While the issue of homosexual leaders is a concern to many, myself included, there are significant issues with Scouting more generally that lead me to believe that the LDS Church would be better off on its own. Feldman’s article almost makes the point for itself. The awkward association between American nationalism and The Church of Jesus Christ—whose kingdom was not only not connected to The United States of America, but not even “of this world”—is reason enough to part ways. Young men and women should be educated and encouraged to become dedicated followers of Christ, and not the American flag. Fixating their view on both God and Caesar—encouraging loyalty and fidelity to both, despite being taught that no man can serve two masters—is a paradoxical program in desperate need of realignment.

Or, abandonment. The Scouting program is steeped in statism. Baden-Powell himself was an authoritarian whose vision of his fledgling program was to train boys in militaristic fashion with the virtues that militaries focus on and foster. “A Scout is loyal to the King” and his subordinates, Baden-Powell wrote. “He must stick to them through thick and thin against anyone who is their enemy, or who even talks badly of them.” Unsurprisingly, unquestioning and submissive obedience is another “Scout law” Baden-Powell created. “A Scout obeys orders… without question. Even if he gets an order he does not like, he must do as soldiers and sailors do, he must carry it out all the same because it is his duty…” (emphasis in the original). Present in Scouting are the virtues of a good soldier: courage, patriotism, self-discipline, and obedience; absent is emphasis on humility, love, knowledge, individual expression, etc.

Scouting youth train in an anti-terrorism military exercise

Spencer W. Kimball noted four decades ago that Americans tend to “train a man in the art of war and call him a patriot, thus, in the manner of Satan’s counterfeit of true patriotism, perverting the Savior’s teaching” of loving our enemies. Does Scouting foster the former, or the latter?

While Baden-Powell encouraged his young followers to “work for the good of the State” and to not “think of yourself, but think of your country and your employers,” the American program encourages becoming a citizen of the community, nation, and world. Youth are still seen today as they were in the progressive industrialist era in which Scouting was born: cogs in a machine that need to be molded, refined, and polished to become a well functioning component, subordinate to the interests and goals of the collective.
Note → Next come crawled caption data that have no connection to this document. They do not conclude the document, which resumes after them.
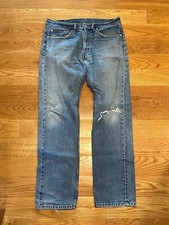 Levi's 505 Vintage niebieskie dżinsy straight fit postarzone 100% bawełna męskie rozmiar 34x34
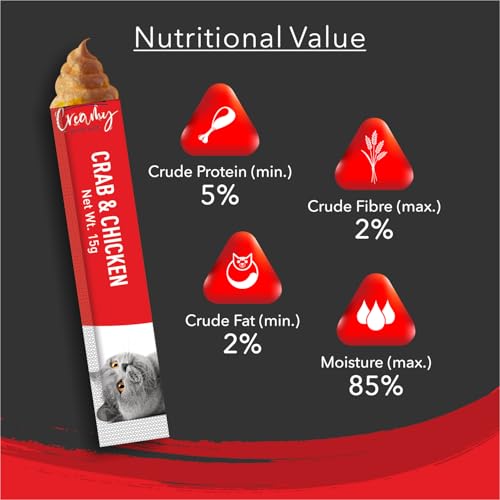 Kitty Yums Kitten & Adult Creamy Lickable Cat Treat (75g x 5 Sticks, 375g) Pack | Crab and Chicken Flavour | Taurine for Heart & Vision | Promotes Hydration | Antioxidants Boost Immunity - Image 3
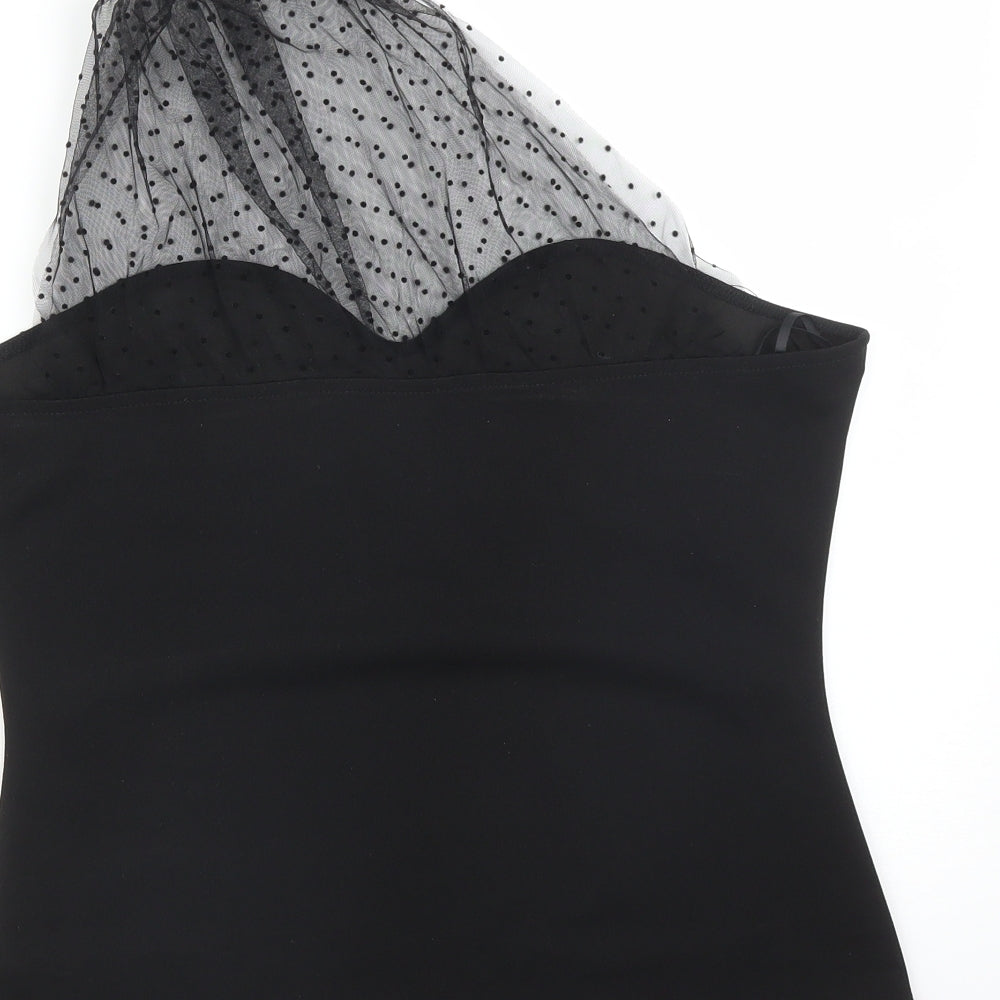 SheIn Womens Black Polka Dot  Basic T-Shirt Size M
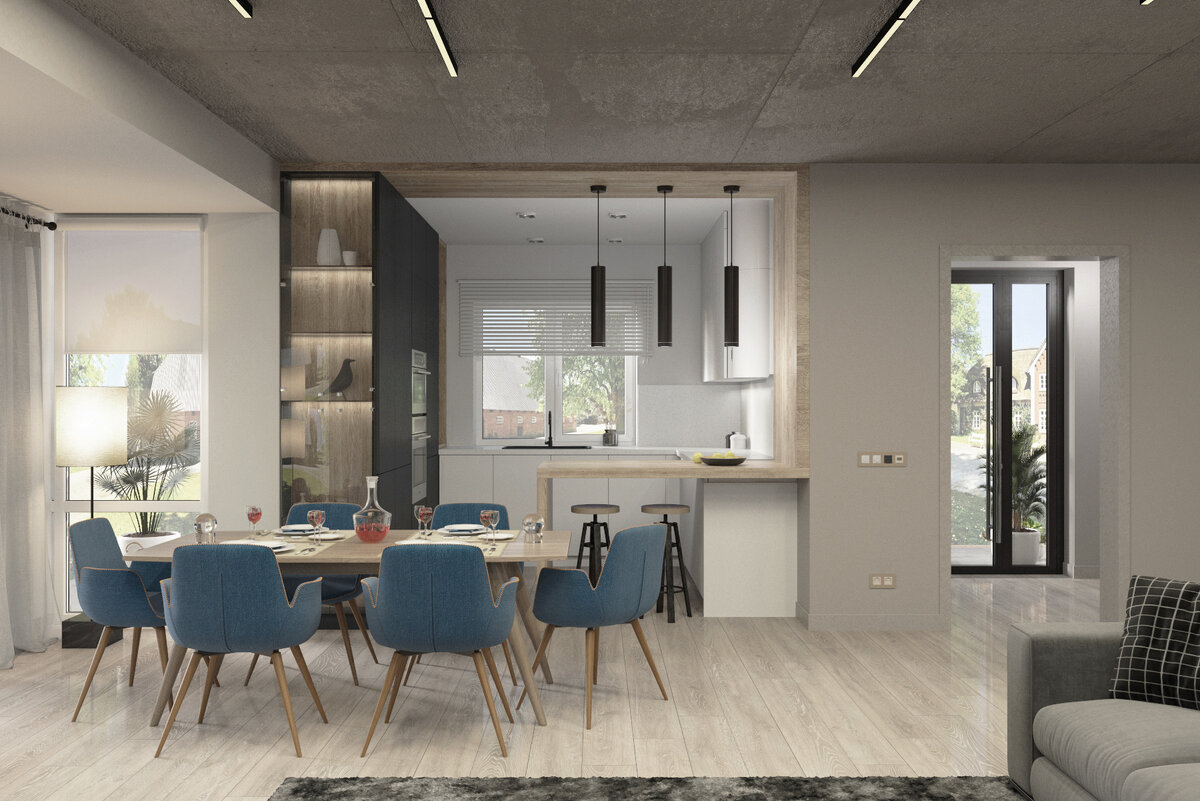 Проект интерьеров частного дома в Тюмени выполнен студией dsgn.tmn.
I would hope it would be different in the Church of Jesus Christ. I believe my son, as a spiritual son of God, has an identity shaped over eons of premortal study, interaction, and progress. I believe he has talents, interests, and priorities that need not be programmed, but discovered. I don’t want him to become an “upstanding citizen,” since this pathetically low benchmark has produced, throughout the world’s history, droves of mindless drones that follow tyrannical orders “because it’s the law” or “because it’s their duty” or “because they were ordered to.” I want my son to discover his true identity and mission in life, use his agency to fulfill his divinely appointed stewardship, and pursue his path where it leads him. He is an individual—a child of God. He is not a “citizen” whose duty is to King or country, especially since one’s duty to God often requires defying Caesar’s demands.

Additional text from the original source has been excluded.